What is needed
Would you repeat the listing exactly but omit every picture?
(Records shown)
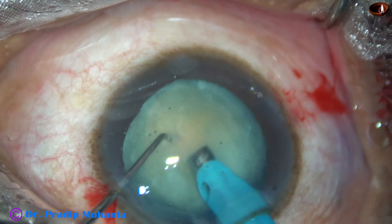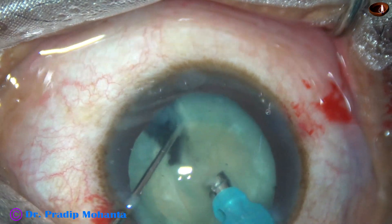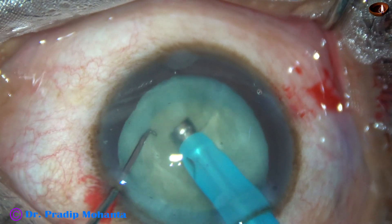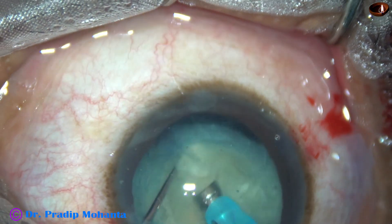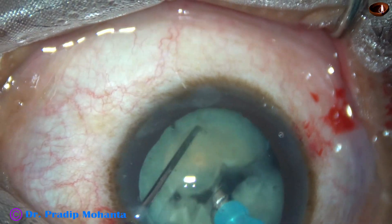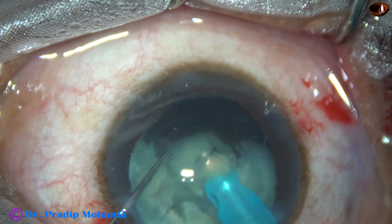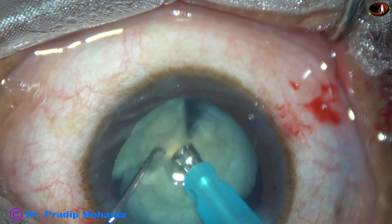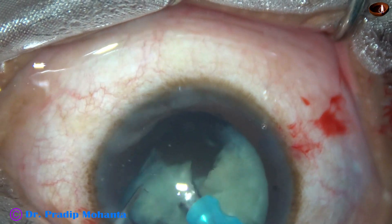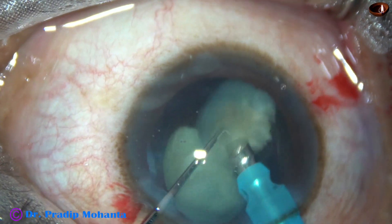Now watch the indirect chop. The tip is buried into the substance of the nucleus and it is chopped. If we can divide the nucleus like this, we don't have to do a trench, spend about 2–3 minutes, and use a lot of ultrasonic energy. We just hold the nucleus and chop, then emulsify the pieces using very minimal ultrasonic energy. Deliver the ultrasonic energy at the iris level or at the anterior part of the capsular bag so that the corneal endothelium is nicely protected.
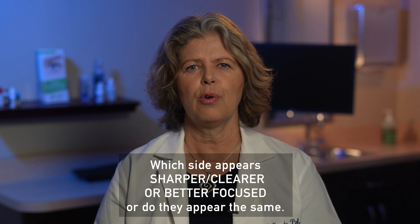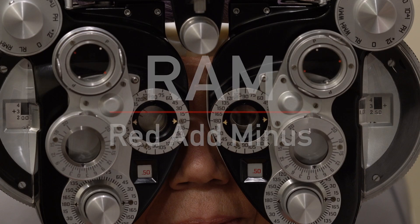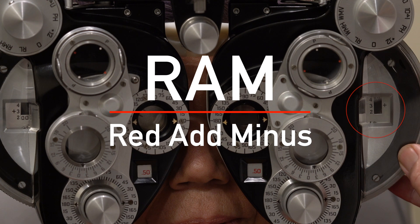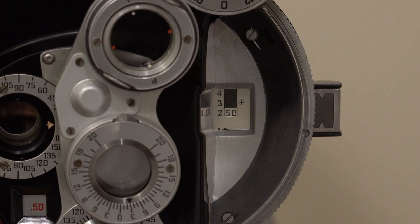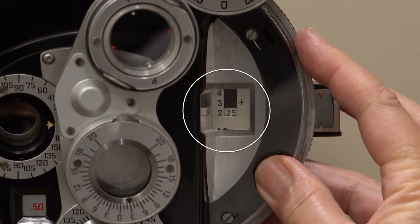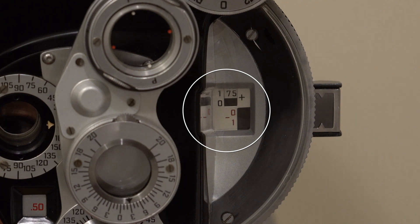You'll start by asking the patient which side appears sharper, clearer, or better focused, or do they appear the same? Do not ask which side is better, darker, or brighter. Two acronyms commonly used to remember this are RAM — red, add minus — in other words, if the red side is clearer, add minus lenses — and GAP — green, add plus — if green is clearer, add plus lenses. If the patient says red are clearer or both appear equal, add minus quarter diopter sphere. Continue this until the patient reports equal clarity between sides or until the green side appears clearer.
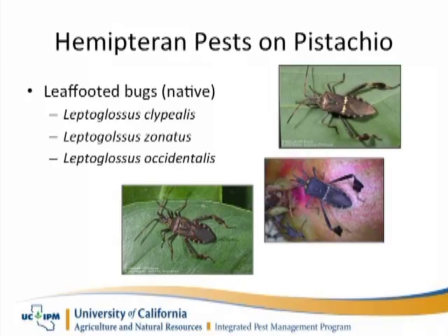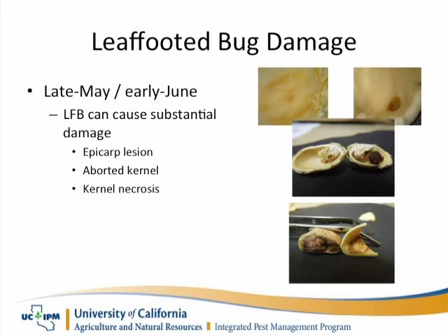The leaf-footed bug can be a very serious pest. It's a coreidae and gets its name from the leaf-type flatness of its femur and tibia. It's a very large bug and can cause significant damage in both almonds and pistachio.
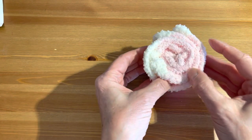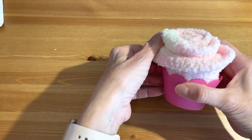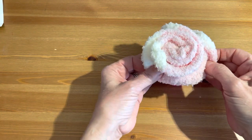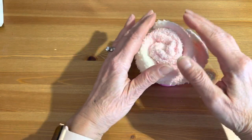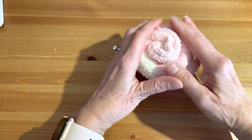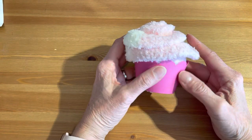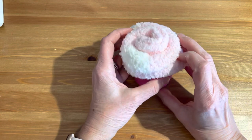Go ahead and mold it. Depending on the size of the socks and the size of your wrapper, you can just fold it over to make it look like a pretty little rose. See how pretty? And then basically you're done!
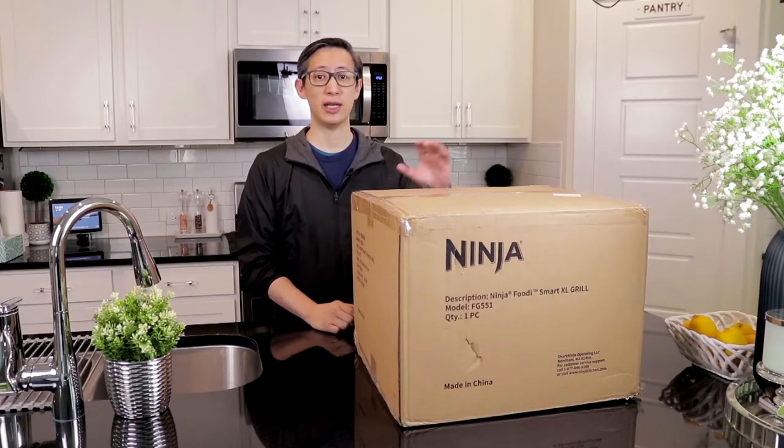Hey guys, welcome back to my channel. So today we're going to be unboxing a new kitchen appliance that we just received.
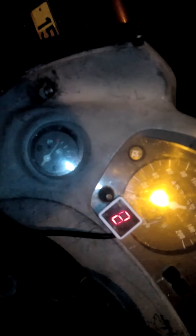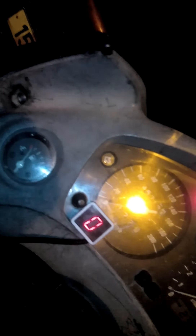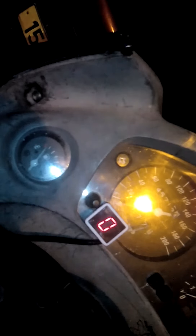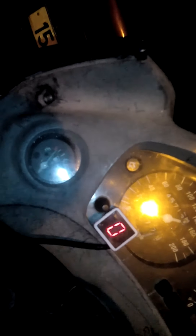For some reason there's a problem. Maybe the up sensor should be a little higher, because it seems to sense the magnet when it's in neutral. Let's move the magnet a little up and see if it works. Okay, that's all.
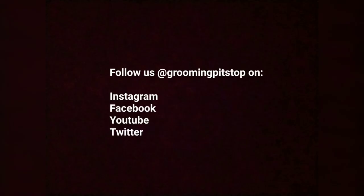Stay tuned for our next video where we'll share with you our pet care knowledge. Stay calm, stay safe, stay home. See ya!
(End Records shown)
Result of this task
Now watch the indirect chop. The tip is buried into the substance of the nucleus and it is chopped. If we can divide the nucleus like this, we don't have to do a trench, spend about 2–3 minutes, and use a lot of ultrasonic energy. We just hold the nucleus and chop, then emulsify the pieces using very minimal ultrasonic energy. Deliver the ultrasonic energy at the iris level or at the anterior part of the capsular bag so that the corneal endothelium is nicely protected.
You'll start by asking the patient which side appears sharper, clearer, or better focused, or do they appear the same? Do not ask which side is better, darker, or brighter. Two acronyms commonly used to remember this are RAM — red, add minus — in other words, if the red side is clearer, add minus lenses — and GAP — green, add plus — if green is clearer, add plus lenses. If the patient says red are clearer or both appear equal, add minus quarter diopter sphere. Continue this until the patient reports equal clarity between sides or until the green side appears clearer.
The leaf-footed bug can be a very serious pest. It's a coreidae and gets its name from the leaf-type flatness of its femur and tibia. It's a very large bug and can cause significant damage in both almonds and pistachio.
Go ahead and mold it. Depending on the size of the socks and the size of your wrapper, you can just fold it over to make it look like a pretty little rose. See how pretty? And then basically you're done!
Hey guys, welcome back to my channel. So today we're going to be unboxing a new kitchen appliance that we just received.
For some reason there's a problem. Maybe the up sensor should be a little higher, because it seems to sense the magnet when it's in neutral. Let's move the magnet a little up and see if it works. Okay, that's all.
Stay tuned for our next video where we'll share with you our pet care knowledge. Stay calm, stay safe, stay home. See ya!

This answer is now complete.